Went with git fat init && git fat pull:

receiving file list ... 
0 files to consider

sent 13 bytes  received 13 bytes  52.00 bytes/sec
total size is 0  speedup is 0.00
Restoring e0d736546f27a158dc9e092a6ea99badb1d0abb0 -> analysis-icu/analysis-icu-2.3.5.jar
Restoring 3f66ecd5871467598bc81662817b80612a0a907f -> analysis-icu/icu4j-54.1.jar
Restoring 69a6e72d322b6643f1b419e6c9cc46623a2404e9 -> analysis-icu/lucene-analyzers-icu-5.5.0.jar
Restoring e06ac6385e3b9b67268b5ed34b1c14227bfc94f7 -> experimental-highlighter-elasticsearch-plugin/experimental-highlighter-core-2.3.5.jar
Restoring 8bcdf614fb239ca2b80fbea5cc3c98a687dd55bc -> experimental-highlighter-elasticsearch-plugin/experimental-highlighter-elasticsearch-plugin-2.3.5.jar
Restoring 313f9704f12e62318950424efbb39a51416c33ed -> experimental-highlighter-elasticsearch-plugin/experimental-highlighter-lucene-2.3.5.jar
Restoring 5802b52906c98680e13515c2edf325831fc9ce9f -> extra/extra-2.3.5.jar
Restoring b7f0fc8f61ecadeb3695f0b9464755eee44374d4 -> swift-repository-plugin/commons-codec-1.6.jar
Restoring cd8d6ffc833cc63c30d712a180f4663d8f55799b -> swift-repository-plugin/commons-io-2.3.jar
Restoring 0ce1edb914c94ebc388f086c6827e8bdeec71ac2 -> swift-repository-plugin/commons-lang-2.6.jar
Restoring b69bd03af60bf487b3ae1209a644ecac587bf6fc -> swift-repository-plugin/httpclient-4.2.1.jar
Restoring 2d503272bf0a8b5f92d64db78b4ba9abbaccc6fd -> swift-repository-plugin/httpcore-4.2.1.jar
Restoring 2dd41e7570f5c73e63a6a1311671a60c817e1989 -> swift-repository-plugin/jackson-core-asl-1.9.7.jar
Restoring 3bc2efad5ceb9e24e44f731d4282b5df3ea6d23f -> swift-repository-plugin/jackson-mapper-asl-1.9.7.jar
Restoring 358c500a1262d77e87167cbd0fdfb3ae8eca4fca -> swift-repository-plugin/jcl-over-slf4j-1.7.2.jar
Restoring 5fdc087b7025b7627fc2e5c14bb78f8d7aa775fa -> swift-repository-plugin/joss-0.9.12.jar
Restoring 5af35056b4d257e4b64b9e8069c0746e8b08629f -> swift-repository-plugin/log4j-1.2.17.jar
Restoring 0081d61b7f33ebeab314e07de0cc596f8e858d97 -> swift-repository-plugin/slf4j-api-1.7.2.jar
Restoring 7c9f26282f859191956b73ea78b0c992f1d7769a -> swift-repository-plugin/swift-repository-plugin-2.3.5.jar

Works

I think we use git-deploy to deploy plugins on deployment-prep (via deployment-tin.deployment-prep.eqiad.wmflabs) and production (via deployment.eqiad.wmnet).
I don't know if we could simply add new minion to deployment-tin.deployment-prep.eqiad.wmflabs so that plugins would be deployed everywhere.
But maybe that's a totally different infra and we don't want mixup integration with deployment-prep.

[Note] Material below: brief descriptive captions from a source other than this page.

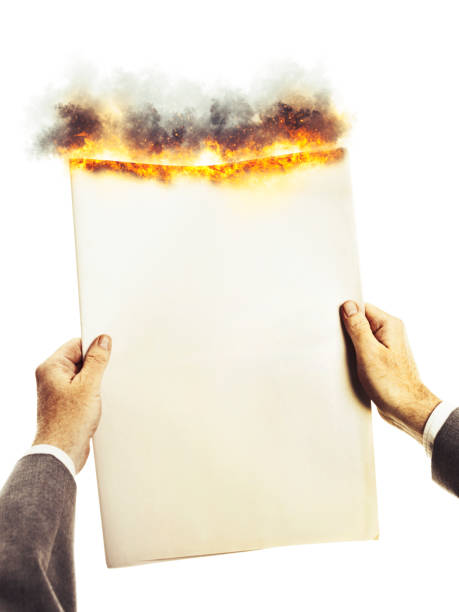 Businessman's hands hold a blank burning newspaper with space for copy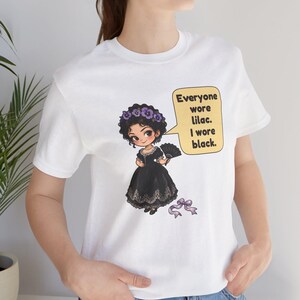 May include: A white t-shirt featuring a graphic of a cartoon character in a black dress with a purple floral crown and a hand fan. A speech bubble contains the text: Everyone wore lilac. I wore black. A small purple ribbon is positioned below the figure.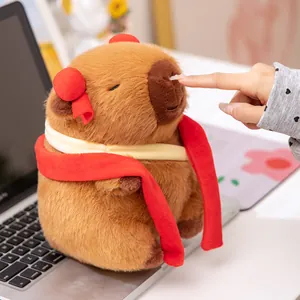 Adorable peluche de carpincho marrón disfrazado de Nezha con lazos rojos y bufanda
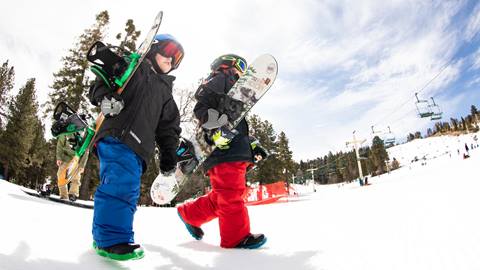 Two kid snowboarders carrying their snowboards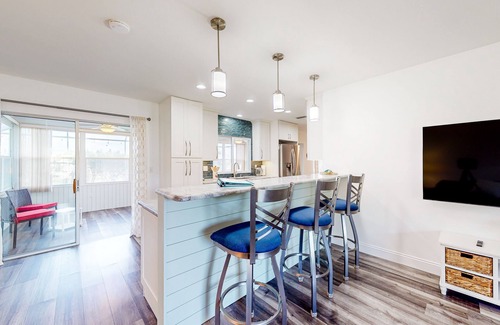 Bradenton House | Updated home with enclosed pool, open layout, grill, W/D, streaming, and AC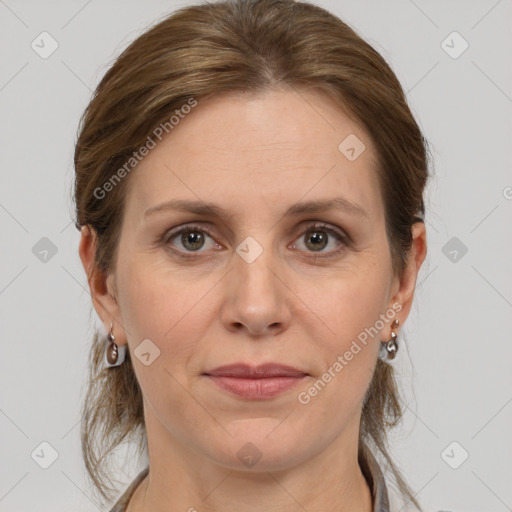 Joyful white adult female with medium  brown hair and grey eyes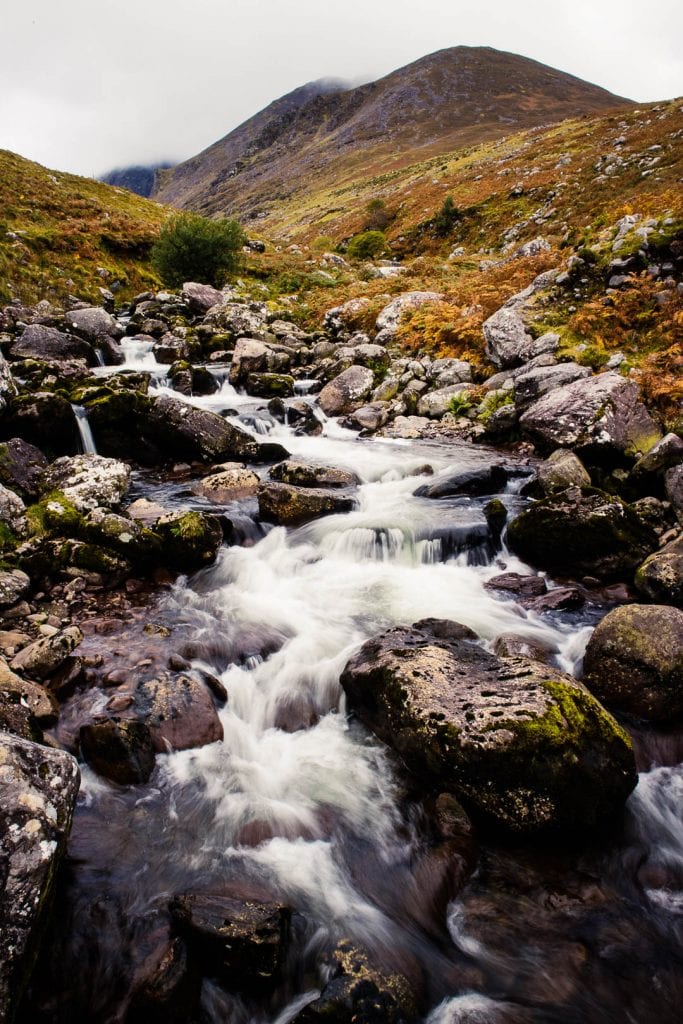 This is a hiking guide about how to climb Carrauntoohil, the highest mountain in Ireland, with different hiking trails up Carrauntoohil and what to pack!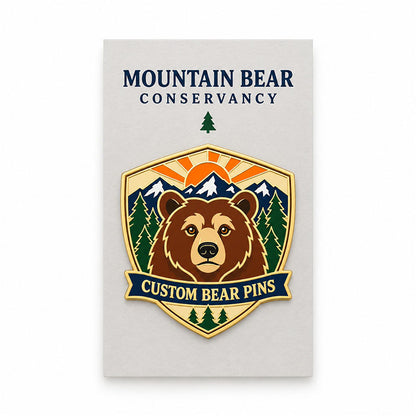 Brown bear enamel pin displayed on a cream Mountain Bear Conservancy backing card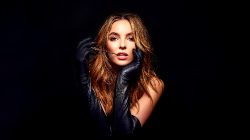 Jodie Comer Staring At Us, Open Mouthed, With Long Black Leather Gloves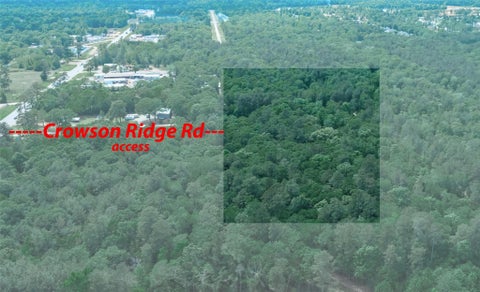 Photo of TBD Hwy 105e At Crowson Rdg Rd, Conroe, TX 77306 (MLS # 28250587)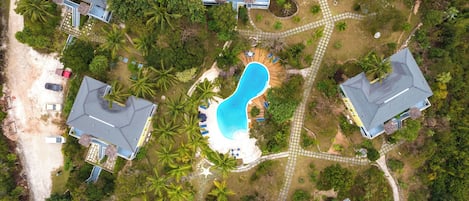 Vue aérienne d’un quartier résidentiel avec de nombreuses maisons, une piscine et un jardin bien entretenu.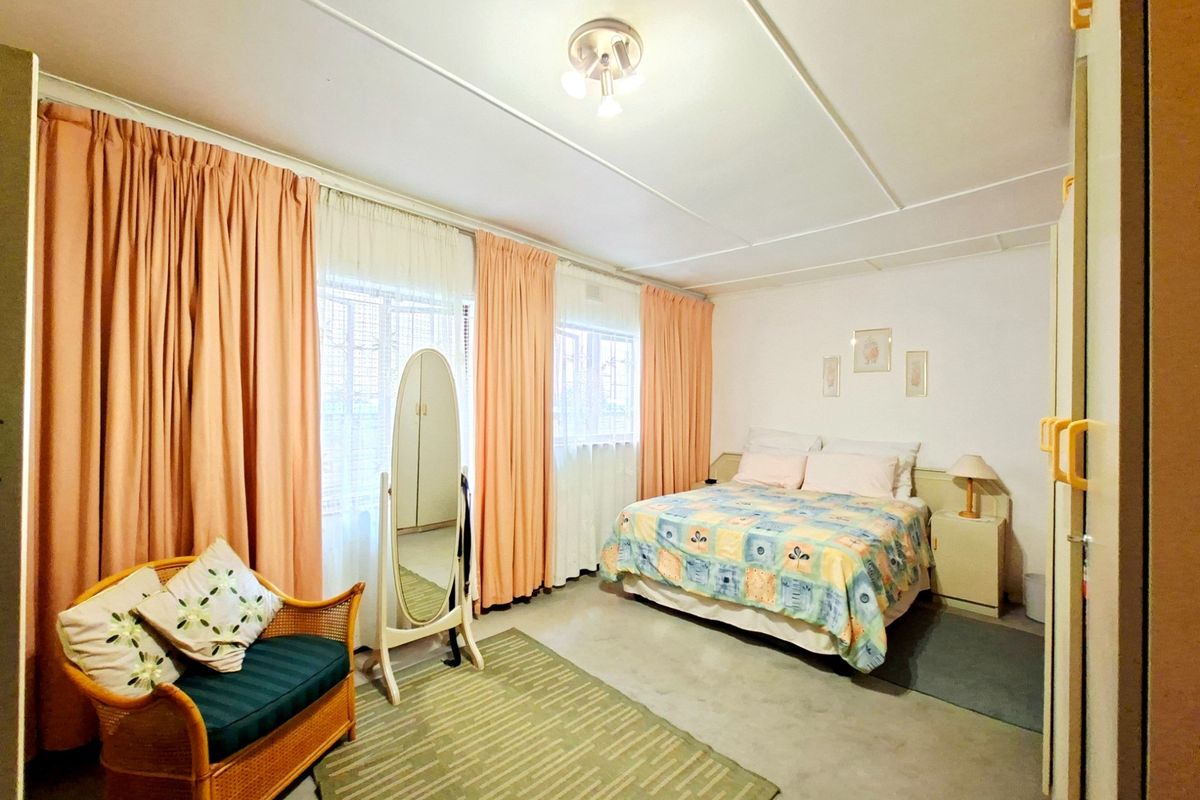 A spacious bedroom featuring large windows with floor-to-ceiling curtains, built-in cupboards, and a central ceiling light fixture.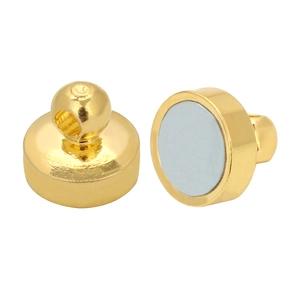 Macro shot of gold magnetic jewelry clasps with ring loops on a white background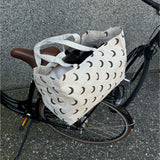 En stofpose med halvmånemønster hviler på en cykelbagagebærer. Cyklen står parkeret på en grusbelagt overflade op ad en stenvæg.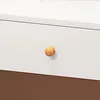 A close-up of a white drawer with a wooden knob and a brown surface below. Podgląd zdjęcia produktu
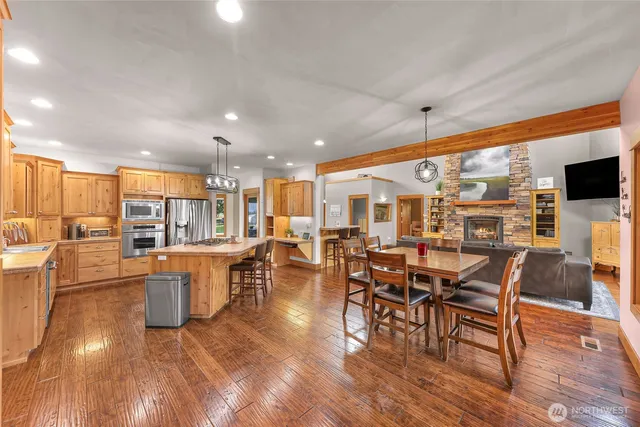 an outdoor space with lots of furniture and wooden floor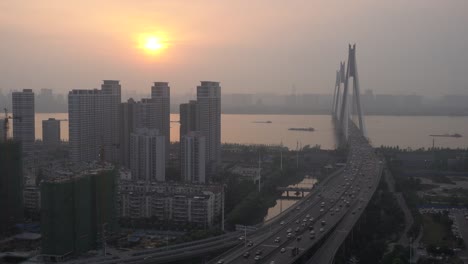 Wuhan,-China,-Dunst-Wetter,-Sonnenuntergang-am-Fluss-Städte,-hohe-Gebäude,-eine-Brücke,-Boote-auf-dem-Fluss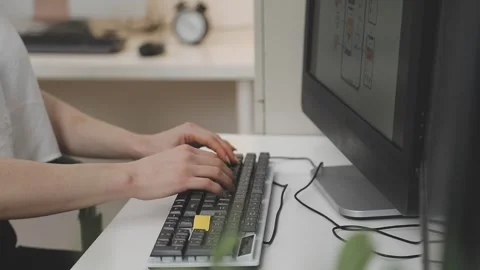 UX/UI designer working on wireframes for a website and mobile app prototype.. Stock Footage 309837919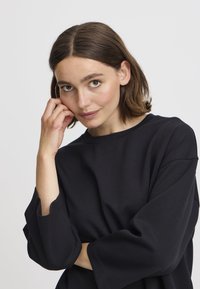 Felpa nera oversize con scollo a giro e maniche larghe. Texture morbida e design minimalista.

git-deploy is my understanding of how the plugins are deployed on beta cluster.

integration is a different project indeed and I would rather not mix them up. I guess my error is that I have git clone the projects directly instead of having git-deploy/Trebuchet to populate them, which I assume triggers a run of git-fat.